To investigate the role of dementia in pneumonia among geriatric patients with hip fracture and further develop an algorithm for stratifying risk of developing postoperative pneumonia.
The algorithm was developed after retrospectively analyzing 1344 hip fracture patients in the National Clinical Research Center for Orthopedics, Sports Medicine, and Rehabilitation from 1992 to 2012. Twenty‐eight variables were analyzed for evaluating the ability to predict postoperative pneumonia. The validation of the algorithm was performed in the MIMIC‐III database after enrolling 235 patients.
One thousand five hundred and seventy‐nine patients were enrolled, 4.69% patients had postoperative pneumonia in our hospital, and 17.02% suffered pneumonia in the MIMIC‐III database. Dementia patients had more postoperative pneumonia (12.68% vs 4.24%, P = 0.0075), as compared with patients without dementia. The algorithm included nine predictors: dementia, age, coronary heart disease, the American Society of Anesthesiologists score, surgical method, mechanical ventilation, anemia, hypoproteinemia, and high creatinine. Internal validation showed the algorithm with dementia could improve predictive performance, while external validation found the algorithm with or without dementia both had similar and good predictive ability.

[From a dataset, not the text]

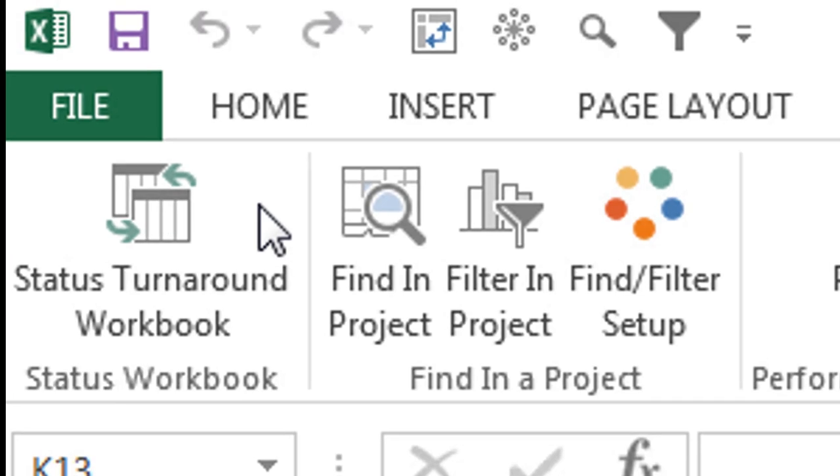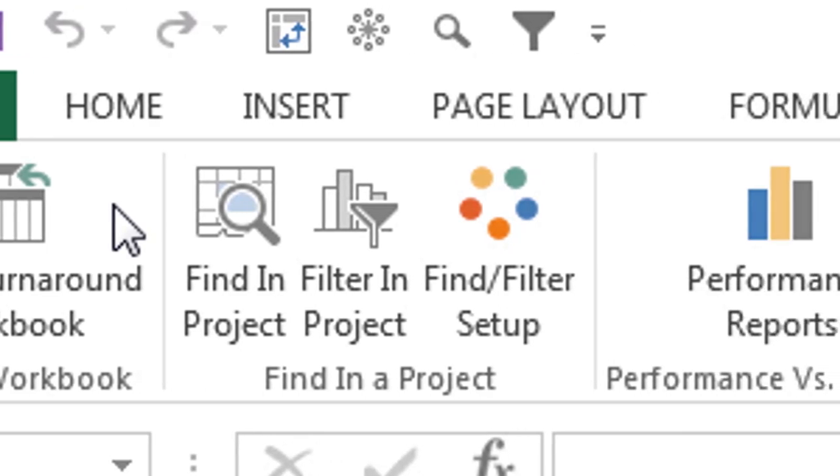Make status turnaround worksheets for each member of your team. It's fast, it's easy, and it helps team members be prepared when it comes time for that status meeting.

We developed an algorithm which has the potential to be a pragmatic risk prediction tool to calculate risk of pneumonia in clinical practice and it is also applicable in critically ill hip fracture patients with dementia. In the algorithm, there is a histogram plot of the number of patients against each score. The red line indicated that the number of patients with different scores was normally distributed. The yellow line meant that patients with higher scores had a higher risk of developing postoperative HAP. The dot showed the observed probabilities of postoperative HAP in each score.